Zbigniew Brzeziński: kto straci na wycofaniu się USA?
11/01/2012
400 Wyświetlenia
0 Komentarze
6 minut czytania
W artykule „8 Geopolitycznie Zagrożonych Gatunków opublikowanym w najnowszym numerze prestiżowego „Foreing Policy” Brzeziński wymienił szereg głównych państw zagrożonych ewentualnym upadkiem Stanów Zjednoczonych.
Zbigniew Brzeziński jest z pewnością jednym z najbardziej wpływowych współczesnych analityków. Z jego zdaniem wciąż liczy się wielu ludzi na całym świecie a publikacje jego autorstwa są szeroko komentowane.

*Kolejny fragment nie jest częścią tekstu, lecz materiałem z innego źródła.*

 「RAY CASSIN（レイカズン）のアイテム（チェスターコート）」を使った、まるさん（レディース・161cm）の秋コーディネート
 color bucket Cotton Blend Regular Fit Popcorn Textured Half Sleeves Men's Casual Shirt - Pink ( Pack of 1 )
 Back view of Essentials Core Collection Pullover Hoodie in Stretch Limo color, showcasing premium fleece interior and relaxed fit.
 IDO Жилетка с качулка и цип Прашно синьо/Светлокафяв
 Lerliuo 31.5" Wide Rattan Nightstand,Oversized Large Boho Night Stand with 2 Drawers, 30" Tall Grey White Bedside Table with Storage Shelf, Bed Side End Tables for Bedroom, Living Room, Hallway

Autor słynnych słów, że "Ameryka jest zbyt słaba, by sama rozwiązywać problemy światowe i zbyt potężna, by można je rozwiązać bez niej." zwrócił uwagę na fakt, że w przypadku ewentualnego wycofania się Stanów Zjednoczonych z prowadzonej przez nią globalnej polityki stracić mogą przede wszystkim relatywnie nieduże bądź słabe państwa graniczące z silnym i ekspansywnym sąsiadem. Podkreślił przy tym przede wszystkim rosnące znaczenie takich regionalnych potęg jak Indie i Chiny a także zmianę polityki rosyjskiej.
Kto więc zdaniem Brzezińskiego straci na wycofaniu się Amerykanów?

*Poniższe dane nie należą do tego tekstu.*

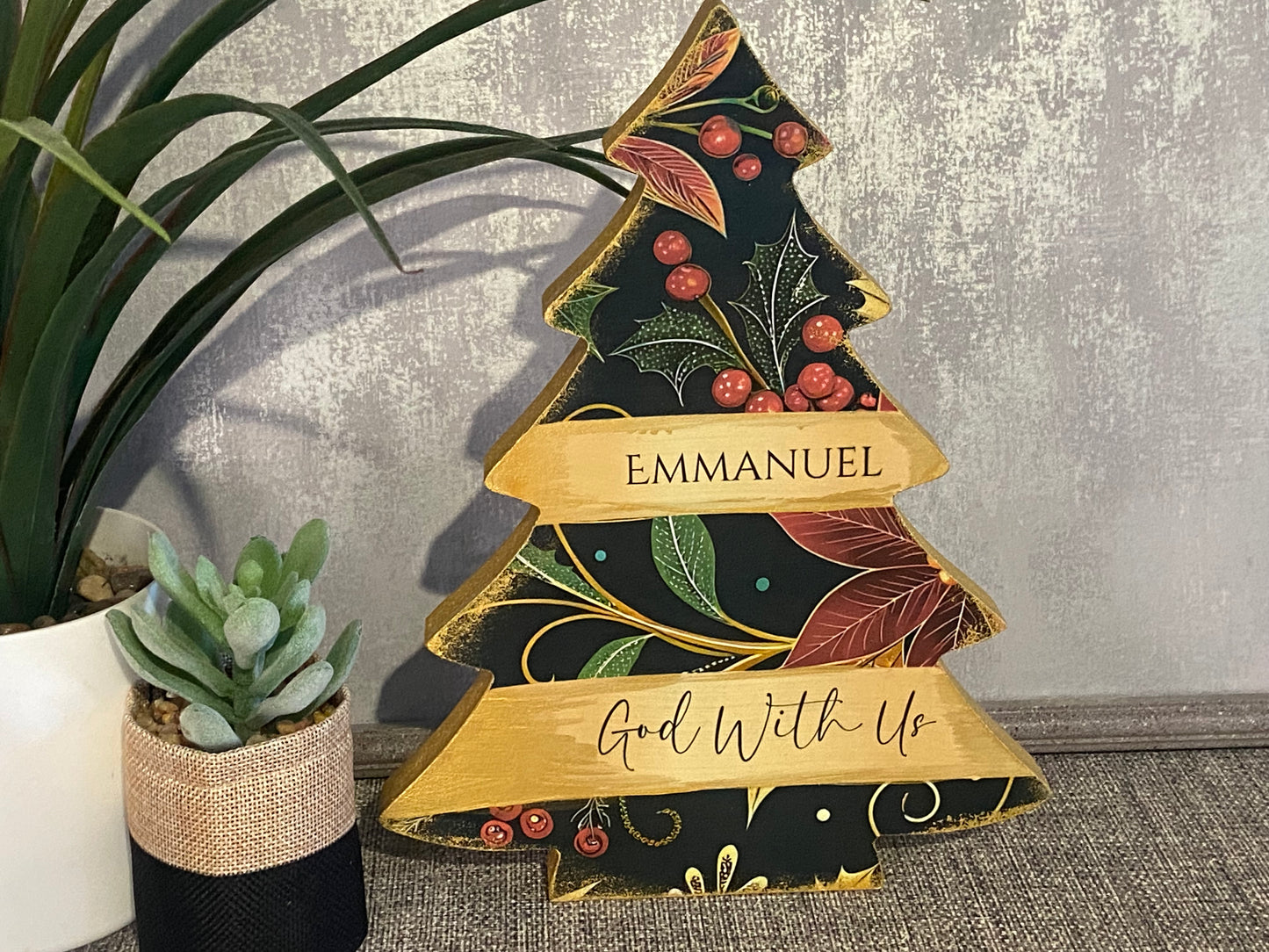 Christmas Tree Standalone Plaque 25cm high - Emmanuel 'God With Us'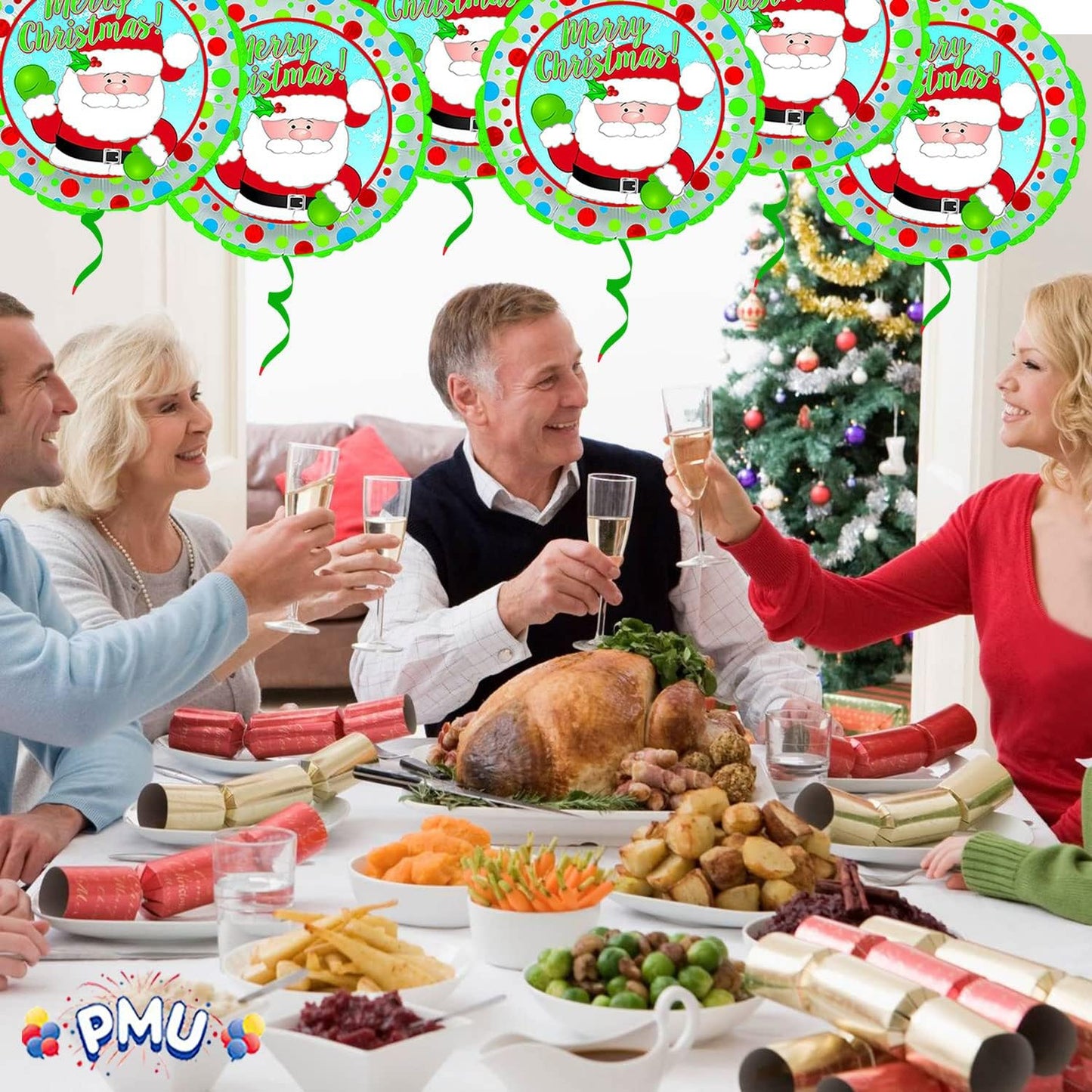 PMU Christmas 18 and 48 Inch Mylar-Foil Balloons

1. Gruzja – bez wątpienia to kaukaskie państwo jest szczególnie zagrożone ewentualnym wycofaniem się poparcia USA. Brzeziński wskazuje, że region ten ma szczególne znaczenie dla
Rosji i ewentualne wycofanie się USA z poparcia dla Gruzji skończy się szybką reakcją Moskwy. Dodał przy tym, że pomoc USA ma również charakter ekonomiczny – od czasu wojny w 2008 roku Gruzja otrzymała blisko miliard dolarów.
2. Tajwan – "Narodowe Chiny" od prawie 60 lat pozostają niezależne od rządzonej przez komunistów części kontynentalnej. Od czasu wejścia przez ChRL na ścieżkę reform napięcia między obydwoma państwami chińskimi powoli maleją, jednakże zdaniem Brzezińskiego powolna integracja jest możliwa między innymi dzięki temu, że Tajwan może liczyć na amerykańskie wsparcie. Gdyby poparcie to wycofano można się spodziewać przyspieszenia integracji, lecz tym razem warunki dyktowaliby o wiele silniejsi komuniści.
3. Korea Południowa – podobnie jak w przypadku Tajwanu wycofanie się USA oznacza wzrost znaczenia
Chin w regionie. ChRL pozostaje też protektorem Korei Północnej co wiązać się może z utrudnieniem wzajemnych kontaktów. Według Brzezińskiego skończy się to zbliżeniem między Seulem a Tokio, choć oba kraje ze względu na zaszłości historyczne nie pałają do siebie sympatią.
4. Białoruś – chociaż związki tego państwa z Rosją już teraz są bardzo silne, to zdaniem amerykańskiego eksperta ewentualne połączenie się obu państw blokuje między innymi przeciwwaga w postaci obecności USA w Europie. Ich wycofanie się sprawi, że dalsza integracja pozbawiona będzie jakiegokolwiek ryzyka, a co więcej sprawi, że zagrożone staną się państwa bałtyckie z Łotwą na czele.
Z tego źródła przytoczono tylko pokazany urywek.